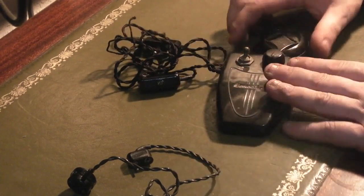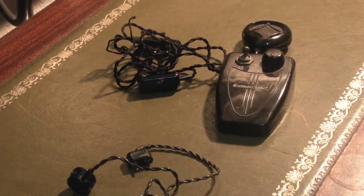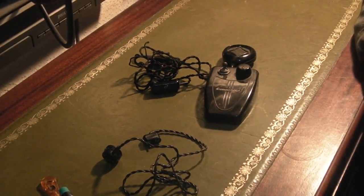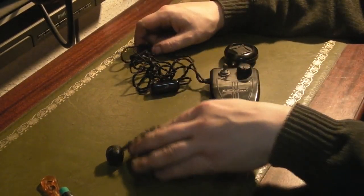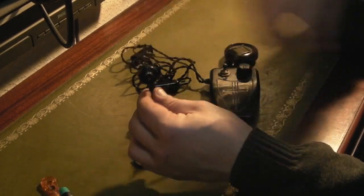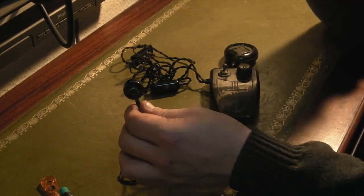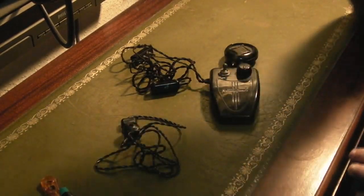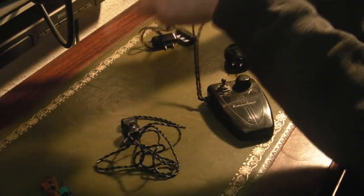So basically what we've got: we've got the main unit here, the microphone there — let me just zoom out a bit so it's a little bit easier to show. We've got the microphone there, the main unit, and obviously the headphone there. This is an earpiece type; they also produced these with a standard headphone that went over the head with two headphones on it. So this has got the earpiece, and then on the main unit we also have the original cloth-covered wiring.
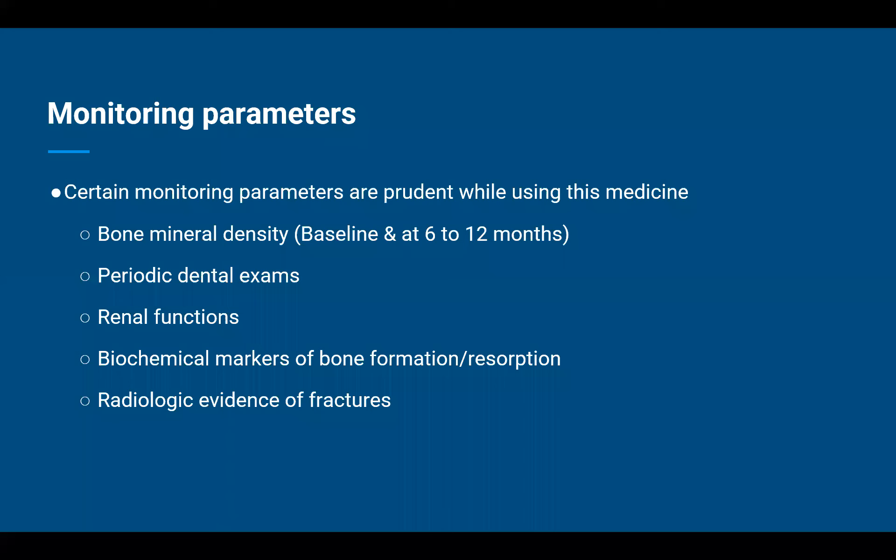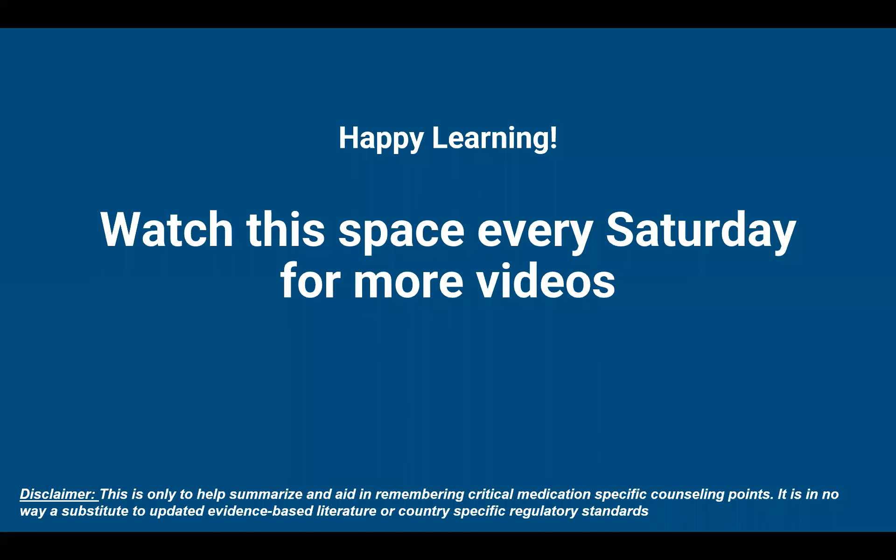And those are the most important monitoring parameters to discuss with the patient. That concludes today's video. See you next Saturday. Until then, happy learning — take care and stay safe.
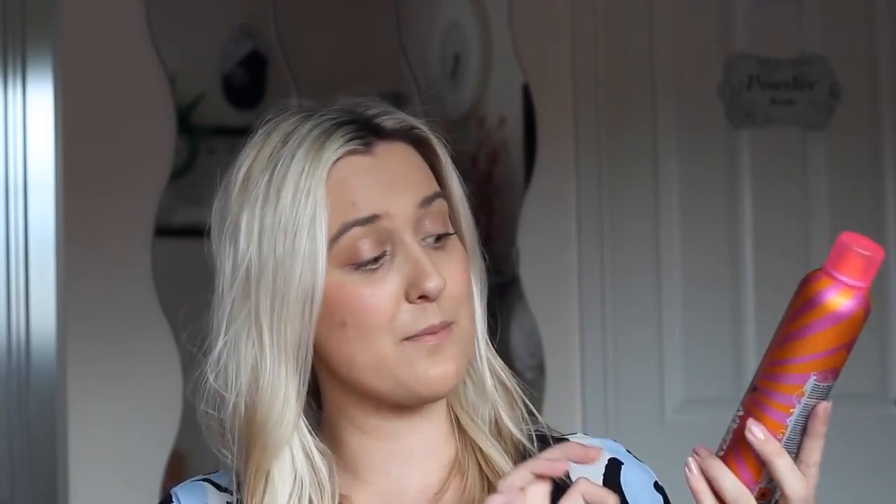An optional thing is hairspray. I'm going to be using the Urban Fudge Iced Raspberry and Vanilla hairspray, but you can use any hairspray or you don't have to. I just think it lasts longer if you do.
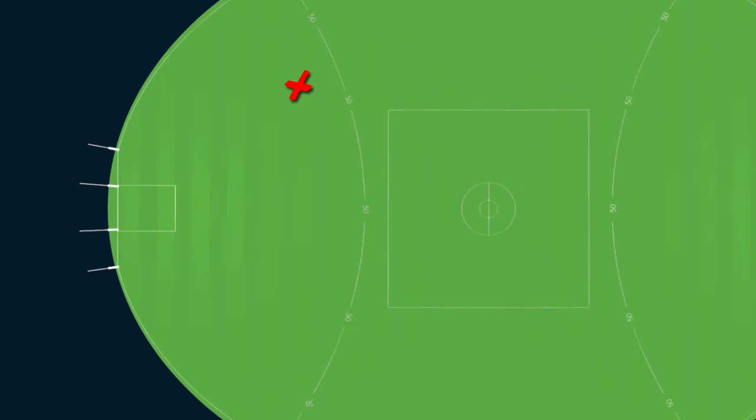Before we uncover the hidden secrets of your goal kicking abilities, let's get a starting point. So let's get down to the park and from set positions as marked, have three shots at goal. We need to do this at least five times, recording all your scores.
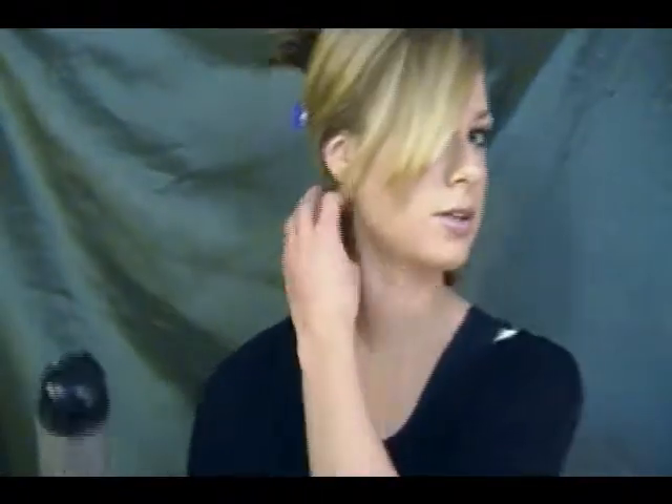Depending on how hot your curling iron gets, that determines how long you need to leave it in. This is just the Revlon one from Walmart and it actually gets pretty hot. After I curl mine, I take the TG Rockaholic hairspray in the orange can — I like this one because it's not very heavy — and I just spray each section. To save some time, I'm going to go ahead and curl mine under, just keep working in small thin sections all the way up. Then I'll come back and show you how to fix the bangs and the rest of the hair after we have it curled under.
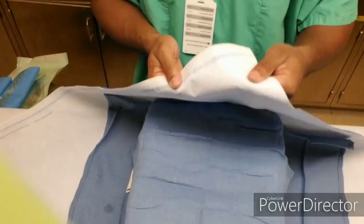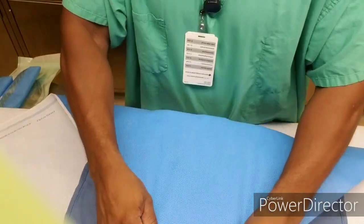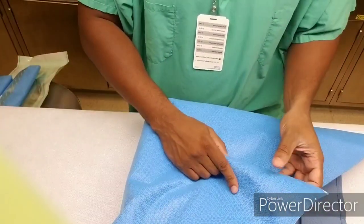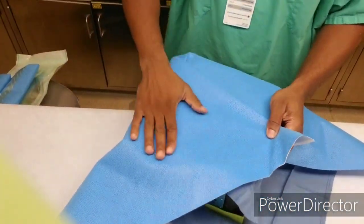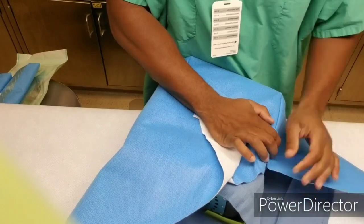The video I'm touching on is basically a simple way of wrapping — it's the envelope wrapping. There's a whole bunch of other ways, but this is the most basic way that is done in sterile processing. Like they say, there's many ways to skin a cat, and it goes the same with wrapping. There's many ways to wrap.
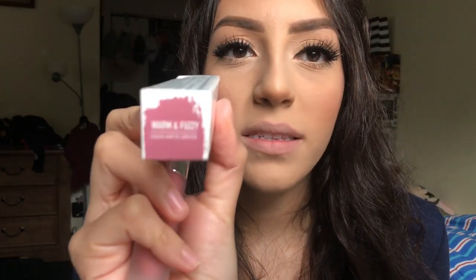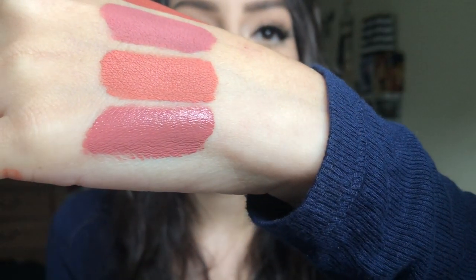Next is Warm and Fuzzy. This is what it looks like dry.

● **Exercise prompt**
Leaving every picture behind, retype the entries above exactly, from the first line through the line with "And those are", and stop there.

● **Exercise response**
So basically what we've got: we've got the main unit here, the microphone there — let me just zoom out a bit so it's a little bit easier to show. We've got the microphone there, the main unit, and obviously the headphone there. This is an earpiece type; they also produced these with a standard headphone that went over the head with two headphones on it. So this has got the earpiece, and then on the main unit we also have the original cloth-covered wiring.
And those are the most important monitoring parameters to discuss with the patient. That concludes today's video. See you next Saturday. Until then, happy learning — take care and stay safe.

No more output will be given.